Tue 25 May, 2010
Having spent much of the summer in South Africa, it seems that cultural and political life in the United States has sunk into a surreal funk. Events like the BP oil spill in the Gulf of Mexico, the Islamophobia surrounding the Islamic center that is scheduled to built two blocks from Ground Zero, and the numbing ignorance reflected by the stunning percentage of Americans who “know” that President Obama is a Muslim all cry out for a reasoned interpretation.

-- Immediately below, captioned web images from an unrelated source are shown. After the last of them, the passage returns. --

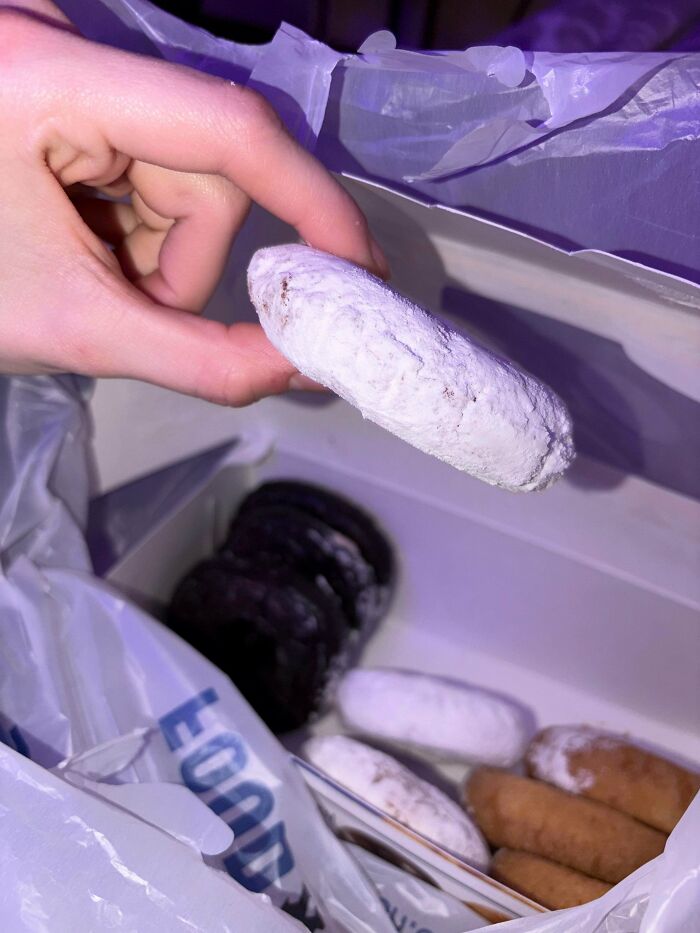 Hand holding powdered doughnut with box of assorted doughnuts inside bag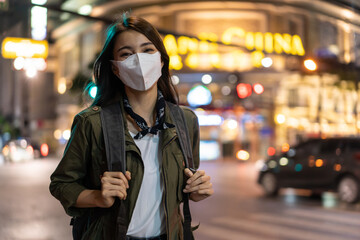 Asian attractive woman backpacker wear mask, walking in city at night. 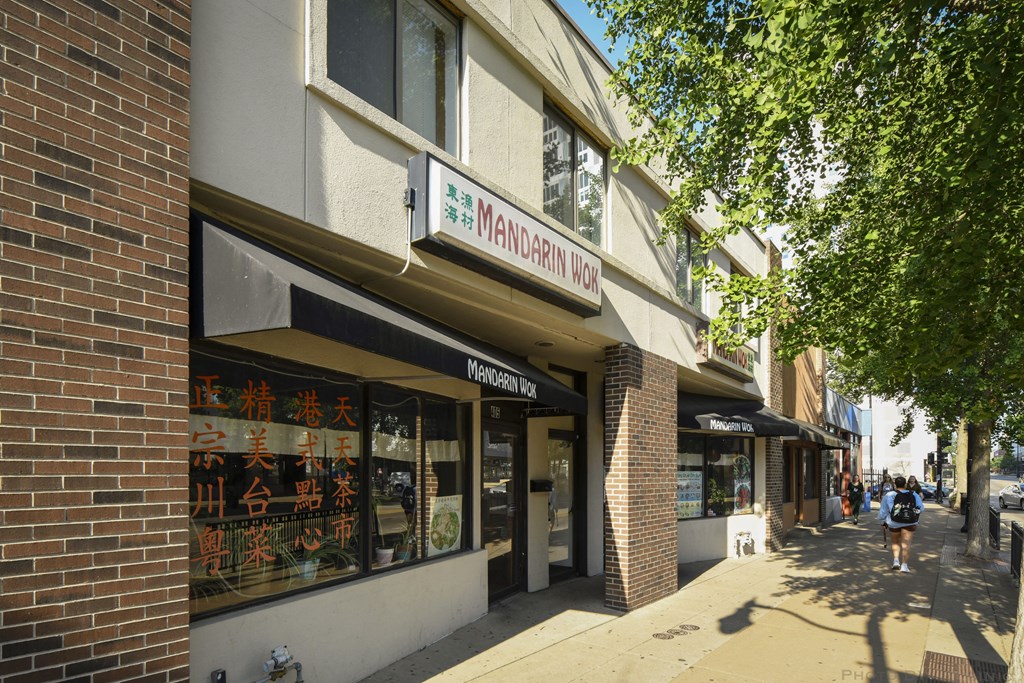 a view of the front of the building from the sidewalk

It seems pathetic that in the richest and most scientifically advanced society in the world no one seems to know what to do. No one seems to understand why we have lapsed into a kind of cultural hysteria. In the Gulf disaster, BP seems beyond its element. Local officials in Louisiana and Mississippi, regions that will long be ecologically impacted by the spill, perhaps for several generations, have angrily expressed their powerlessness. And the Federal Government, reacting to the BP disaster and citing its lack of “know-how,” mounted what seemed a tepid “what can we do” response. What’s more, who can we account for the massive and hate-filled Islamophobia is sweeping across the United States?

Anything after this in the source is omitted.